Informations sur l'animal


*Nom:* Octodons
*Type:* Octodon
						
						
*Sexe:* Mâle
*Âge:* 5 ans 10 mois 
*Stérilisé ?* Non
*Compatible :* 
						
						
						
						 Non déterminé.
						





Situation actuelle


*Lieu :* 31 - Haute-Garonne
*Situation :* Chez son propriétaire
*Cet animal :* 
								
								
								
									est vieux, 
								
								
							
							







Contact


*E-mail :* ju.volant@gmail.com





Conditions


*Covoiturages :* Acceptés
*Familles d'accueil:* Souhaitées




 Bonjour à tous !

J'ai actuellement deux octodons mâles de 4 et 3 ans que je souhaiterai donner (déménagement...) à une famille connaissant les particularités de ces animaux.

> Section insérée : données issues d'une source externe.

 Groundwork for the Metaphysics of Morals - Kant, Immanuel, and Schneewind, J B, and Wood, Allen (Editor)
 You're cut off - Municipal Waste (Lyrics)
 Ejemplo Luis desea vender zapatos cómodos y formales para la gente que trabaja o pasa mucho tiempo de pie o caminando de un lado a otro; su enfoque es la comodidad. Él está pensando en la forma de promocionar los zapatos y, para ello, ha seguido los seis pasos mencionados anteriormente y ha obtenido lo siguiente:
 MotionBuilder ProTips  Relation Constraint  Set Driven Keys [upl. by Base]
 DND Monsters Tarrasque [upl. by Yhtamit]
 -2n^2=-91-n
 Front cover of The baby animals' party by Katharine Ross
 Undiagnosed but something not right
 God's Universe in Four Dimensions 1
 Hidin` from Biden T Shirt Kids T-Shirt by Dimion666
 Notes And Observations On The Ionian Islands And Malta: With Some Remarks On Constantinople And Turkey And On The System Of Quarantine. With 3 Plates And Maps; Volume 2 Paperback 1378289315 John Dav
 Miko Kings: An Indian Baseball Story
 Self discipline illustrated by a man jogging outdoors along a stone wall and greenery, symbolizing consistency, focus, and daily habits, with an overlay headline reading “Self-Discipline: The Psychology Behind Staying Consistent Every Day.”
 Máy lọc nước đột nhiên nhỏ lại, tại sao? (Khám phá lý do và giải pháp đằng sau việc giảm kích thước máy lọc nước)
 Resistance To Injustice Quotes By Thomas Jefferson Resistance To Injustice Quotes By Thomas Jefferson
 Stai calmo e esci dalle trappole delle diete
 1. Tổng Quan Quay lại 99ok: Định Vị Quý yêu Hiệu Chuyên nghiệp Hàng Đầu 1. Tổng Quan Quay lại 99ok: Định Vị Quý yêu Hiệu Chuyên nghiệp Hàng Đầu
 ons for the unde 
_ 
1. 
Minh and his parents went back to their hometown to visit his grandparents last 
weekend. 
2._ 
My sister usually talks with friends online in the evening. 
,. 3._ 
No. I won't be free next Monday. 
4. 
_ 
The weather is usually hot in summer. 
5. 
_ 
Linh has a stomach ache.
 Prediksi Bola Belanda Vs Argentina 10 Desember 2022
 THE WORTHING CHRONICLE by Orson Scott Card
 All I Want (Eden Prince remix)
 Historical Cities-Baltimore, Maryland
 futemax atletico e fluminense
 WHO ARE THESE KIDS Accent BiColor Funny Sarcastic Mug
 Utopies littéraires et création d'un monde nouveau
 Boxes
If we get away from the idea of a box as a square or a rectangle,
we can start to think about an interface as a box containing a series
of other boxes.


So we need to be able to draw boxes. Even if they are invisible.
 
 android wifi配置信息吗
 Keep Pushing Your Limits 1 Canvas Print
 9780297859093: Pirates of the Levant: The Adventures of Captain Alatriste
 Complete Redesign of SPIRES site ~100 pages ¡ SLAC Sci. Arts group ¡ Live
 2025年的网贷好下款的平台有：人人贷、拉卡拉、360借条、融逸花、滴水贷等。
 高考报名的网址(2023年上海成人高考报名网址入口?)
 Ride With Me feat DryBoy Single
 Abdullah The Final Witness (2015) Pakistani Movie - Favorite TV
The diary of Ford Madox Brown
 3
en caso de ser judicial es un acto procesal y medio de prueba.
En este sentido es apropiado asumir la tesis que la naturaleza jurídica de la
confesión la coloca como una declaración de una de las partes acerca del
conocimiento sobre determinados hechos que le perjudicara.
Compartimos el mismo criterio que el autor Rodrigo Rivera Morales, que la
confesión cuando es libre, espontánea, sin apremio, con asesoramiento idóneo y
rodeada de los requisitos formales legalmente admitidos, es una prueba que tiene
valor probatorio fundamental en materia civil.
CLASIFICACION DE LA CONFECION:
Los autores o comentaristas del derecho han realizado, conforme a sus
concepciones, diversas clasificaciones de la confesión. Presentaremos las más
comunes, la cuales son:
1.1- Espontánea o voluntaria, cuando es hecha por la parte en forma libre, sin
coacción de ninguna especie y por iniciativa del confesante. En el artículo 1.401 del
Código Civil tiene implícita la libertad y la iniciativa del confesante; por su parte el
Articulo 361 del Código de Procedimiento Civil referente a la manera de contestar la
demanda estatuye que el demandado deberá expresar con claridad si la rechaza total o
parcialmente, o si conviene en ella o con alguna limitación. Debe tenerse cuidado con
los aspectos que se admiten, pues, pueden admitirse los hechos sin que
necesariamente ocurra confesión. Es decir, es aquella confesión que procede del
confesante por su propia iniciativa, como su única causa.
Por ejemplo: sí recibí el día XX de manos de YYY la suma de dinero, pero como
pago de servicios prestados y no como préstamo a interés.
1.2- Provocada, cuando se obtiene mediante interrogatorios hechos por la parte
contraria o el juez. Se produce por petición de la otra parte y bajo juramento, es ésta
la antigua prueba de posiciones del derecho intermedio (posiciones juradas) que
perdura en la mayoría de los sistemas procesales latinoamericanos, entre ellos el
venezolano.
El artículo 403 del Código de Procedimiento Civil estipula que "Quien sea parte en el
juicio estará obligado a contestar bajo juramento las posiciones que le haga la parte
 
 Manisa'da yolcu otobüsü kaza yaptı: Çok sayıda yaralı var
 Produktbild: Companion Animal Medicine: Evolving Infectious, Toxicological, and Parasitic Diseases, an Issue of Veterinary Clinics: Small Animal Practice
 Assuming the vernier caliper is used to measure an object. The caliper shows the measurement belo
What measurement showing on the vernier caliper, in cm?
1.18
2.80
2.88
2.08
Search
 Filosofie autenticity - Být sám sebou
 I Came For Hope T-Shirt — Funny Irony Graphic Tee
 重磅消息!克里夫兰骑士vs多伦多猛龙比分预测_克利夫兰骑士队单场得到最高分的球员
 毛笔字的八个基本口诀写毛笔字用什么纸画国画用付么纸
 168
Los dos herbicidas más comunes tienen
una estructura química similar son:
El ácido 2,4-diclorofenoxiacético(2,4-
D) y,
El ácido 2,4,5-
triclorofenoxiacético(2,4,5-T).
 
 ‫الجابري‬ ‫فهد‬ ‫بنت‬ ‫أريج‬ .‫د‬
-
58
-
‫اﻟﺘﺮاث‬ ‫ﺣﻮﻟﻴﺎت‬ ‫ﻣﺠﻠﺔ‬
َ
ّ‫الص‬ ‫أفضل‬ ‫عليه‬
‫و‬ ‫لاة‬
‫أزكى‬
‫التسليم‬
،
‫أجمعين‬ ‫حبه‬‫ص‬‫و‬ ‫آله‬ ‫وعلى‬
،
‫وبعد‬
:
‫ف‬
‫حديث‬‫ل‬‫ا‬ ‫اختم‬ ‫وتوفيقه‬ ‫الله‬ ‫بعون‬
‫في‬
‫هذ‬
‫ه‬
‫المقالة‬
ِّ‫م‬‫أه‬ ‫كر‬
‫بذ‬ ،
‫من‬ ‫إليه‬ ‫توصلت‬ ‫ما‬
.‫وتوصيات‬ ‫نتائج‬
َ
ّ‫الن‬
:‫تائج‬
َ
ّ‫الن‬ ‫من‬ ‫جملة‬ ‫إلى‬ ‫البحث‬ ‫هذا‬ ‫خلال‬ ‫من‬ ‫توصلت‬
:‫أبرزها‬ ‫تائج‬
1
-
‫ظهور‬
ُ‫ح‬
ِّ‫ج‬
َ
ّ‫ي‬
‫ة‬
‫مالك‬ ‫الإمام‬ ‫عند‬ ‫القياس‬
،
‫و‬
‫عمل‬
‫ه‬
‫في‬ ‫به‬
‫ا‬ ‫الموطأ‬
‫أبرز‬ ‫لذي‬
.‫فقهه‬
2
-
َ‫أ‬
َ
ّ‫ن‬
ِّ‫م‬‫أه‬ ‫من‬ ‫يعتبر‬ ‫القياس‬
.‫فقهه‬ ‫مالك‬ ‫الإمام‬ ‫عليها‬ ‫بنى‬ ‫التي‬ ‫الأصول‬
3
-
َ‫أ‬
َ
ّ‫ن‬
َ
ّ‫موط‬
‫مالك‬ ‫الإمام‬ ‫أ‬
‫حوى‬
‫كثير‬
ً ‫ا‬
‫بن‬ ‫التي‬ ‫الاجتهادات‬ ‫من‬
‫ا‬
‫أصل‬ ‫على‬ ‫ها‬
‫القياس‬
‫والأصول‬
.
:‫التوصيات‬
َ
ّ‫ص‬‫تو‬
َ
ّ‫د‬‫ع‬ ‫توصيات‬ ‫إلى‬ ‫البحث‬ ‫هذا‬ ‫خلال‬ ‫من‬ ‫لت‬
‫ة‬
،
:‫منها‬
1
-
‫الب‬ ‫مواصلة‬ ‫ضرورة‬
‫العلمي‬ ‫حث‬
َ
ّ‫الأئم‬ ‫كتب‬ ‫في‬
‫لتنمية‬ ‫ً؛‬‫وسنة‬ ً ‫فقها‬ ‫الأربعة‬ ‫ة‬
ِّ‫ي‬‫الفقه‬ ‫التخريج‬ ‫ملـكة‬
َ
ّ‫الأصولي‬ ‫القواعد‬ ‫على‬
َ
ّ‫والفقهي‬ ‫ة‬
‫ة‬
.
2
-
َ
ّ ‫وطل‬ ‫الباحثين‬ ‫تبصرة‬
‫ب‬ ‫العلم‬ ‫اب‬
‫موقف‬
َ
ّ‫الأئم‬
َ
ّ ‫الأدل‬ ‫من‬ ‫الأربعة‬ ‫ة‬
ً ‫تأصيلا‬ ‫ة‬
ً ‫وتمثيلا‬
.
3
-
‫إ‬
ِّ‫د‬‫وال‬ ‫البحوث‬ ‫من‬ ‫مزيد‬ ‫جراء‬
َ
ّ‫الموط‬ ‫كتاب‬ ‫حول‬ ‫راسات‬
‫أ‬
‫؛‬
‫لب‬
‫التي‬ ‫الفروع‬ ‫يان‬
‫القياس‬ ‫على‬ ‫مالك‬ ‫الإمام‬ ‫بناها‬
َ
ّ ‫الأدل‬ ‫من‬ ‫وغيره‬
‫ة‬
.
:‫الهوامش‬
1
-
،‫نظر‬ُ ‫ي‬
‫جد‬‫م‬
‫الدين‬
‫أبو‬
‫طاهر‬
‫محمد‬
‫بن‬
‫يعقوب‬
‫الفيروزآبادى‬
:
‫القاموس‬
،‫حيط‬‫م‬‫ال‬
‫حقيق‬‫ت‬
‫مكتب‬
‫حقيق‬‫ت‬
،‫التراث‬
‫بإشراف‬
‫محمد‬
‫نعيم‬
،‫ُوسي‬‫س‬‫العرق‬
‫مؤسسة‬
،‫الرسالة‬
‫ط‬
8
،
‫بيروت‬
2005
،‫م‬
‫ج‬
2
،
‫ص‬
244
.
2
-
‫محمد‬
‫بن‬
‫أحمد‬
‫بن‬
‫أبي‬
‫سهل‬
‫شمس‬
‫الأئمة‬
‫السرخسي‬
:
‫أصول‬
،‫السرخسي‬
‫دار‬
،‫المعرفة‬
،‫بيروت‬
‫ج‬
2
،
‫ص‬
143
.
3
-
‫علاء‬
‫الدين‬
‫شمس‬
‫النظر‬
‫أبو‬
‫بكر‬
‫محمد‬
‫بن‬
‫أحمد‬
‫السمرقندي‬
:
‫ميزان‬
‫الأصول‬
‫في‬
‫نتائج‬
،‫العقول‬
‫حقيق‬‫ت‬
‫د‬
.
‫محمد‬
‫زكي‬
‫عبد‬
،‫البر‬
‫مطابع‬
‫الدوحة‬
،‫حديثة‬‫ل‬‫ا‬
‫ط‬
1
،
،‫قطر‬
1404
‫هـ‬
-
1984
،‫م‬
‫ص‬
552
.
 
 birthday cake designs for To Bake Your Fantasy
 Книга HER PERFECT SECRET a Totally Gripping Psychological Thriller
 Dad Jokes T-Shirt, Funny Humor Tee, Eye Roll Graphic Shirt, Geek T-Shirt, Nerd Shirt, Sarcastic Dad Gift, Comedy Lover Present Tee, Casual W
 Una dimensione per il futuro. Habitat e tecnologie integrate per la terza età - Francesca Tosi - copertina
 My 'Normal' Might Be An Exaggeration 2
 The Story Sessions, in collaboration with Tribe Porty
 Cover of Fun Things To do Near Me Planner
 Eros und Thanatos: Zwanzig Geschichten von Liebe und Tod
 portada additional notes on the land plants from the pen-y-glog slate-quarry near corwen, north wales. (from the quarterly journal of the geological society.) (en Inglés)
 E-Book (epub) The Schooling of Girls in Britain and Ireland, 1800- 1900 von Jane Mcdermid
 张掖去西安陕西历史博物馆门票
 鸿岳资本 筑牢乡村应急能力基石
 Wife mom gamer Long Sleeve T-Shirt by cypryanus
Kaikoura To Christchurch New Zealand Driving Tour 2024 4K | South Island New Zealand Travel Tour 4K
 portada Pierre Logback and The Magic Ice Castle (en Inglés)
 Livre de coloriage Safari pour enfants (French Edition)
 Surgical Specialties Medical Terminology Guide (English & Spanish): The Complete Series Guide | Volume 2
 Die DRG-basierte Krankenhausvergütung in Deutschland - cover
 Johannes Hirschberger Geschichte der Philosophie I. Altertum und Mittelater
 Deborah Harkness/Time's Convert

 Ils ont pour habitude d'avoir de l'espace (j'ai une grande volière, et je les sors pour qu'ils puissent gambader dans l'appartement), et sont à l'aise avec le contact humain !

Je vis à Toulouse, n'hésitez pas à me contacter pour avoir davantage d'informations !

Julia

----------


## JuliaV



----------


## JuliaV

Bonjour,

J'ai posté mon annonce pour adoption en mai, je n'ai pas eu de retour depuis.
La situation commence à être urgente, quelqu'un aurait-il un conseil à me donner pour trouver une famille ou des associations ?
J'ai déjà contacté "Au bazar des Nacs" ainsi que trois associations dans le 33 mais soit elles n'ont pas de famille d'accueil soit ils n'ont pas de places...

Bien cordialement,

Julia

----------


## Alantka

Bonjour,
Avez-vous contacté l'association "Au Bonheur Des Rongeurs" ? 
Question bête, mais vous dites les placer pour cause de déménagement, il n'est pas du tout possible de les emmener avec vous ou de les garder temporairement dans votre nouveau domicile ?
Je sais que certains refuges affiliés à la SPA recueillent des NACs, peut-être également une piste à creuser.

----------


## JuliaV

Bonjour,
Je vous remercie pour votre réponse. L'association "Au bonheur des Rongeurs" est sur Paris.. Ils ont posté il y a peu sur leur page facebook "L'association  à besoin de vous beaucoup trop d'abandon les finances ne suivent plus  nous ne pouvons plus faire de prise en charge...".
Outre le déménagement j'ai déjà aujourd'hui moins de temps pour m'en occuper, et pour des raisons professionnelles j'en aurai encore moins après... Je n'ai pas envie de les laisser dans leur cage toute la journée. J'étais beaucoup à la maison les premières années donc ils ont plutôt l'habitude d'être sortir très souvent et je vois bien qu'ils ont l'air moins épanoui.
Je dois également "réparer" dans mon logement actuel les petites traces de grignotages d'octodons sur quelques plinthes, etc. D'où mon envie/besoin de les faire adopter avant de partir.

----------


## aurore27

ptg

----------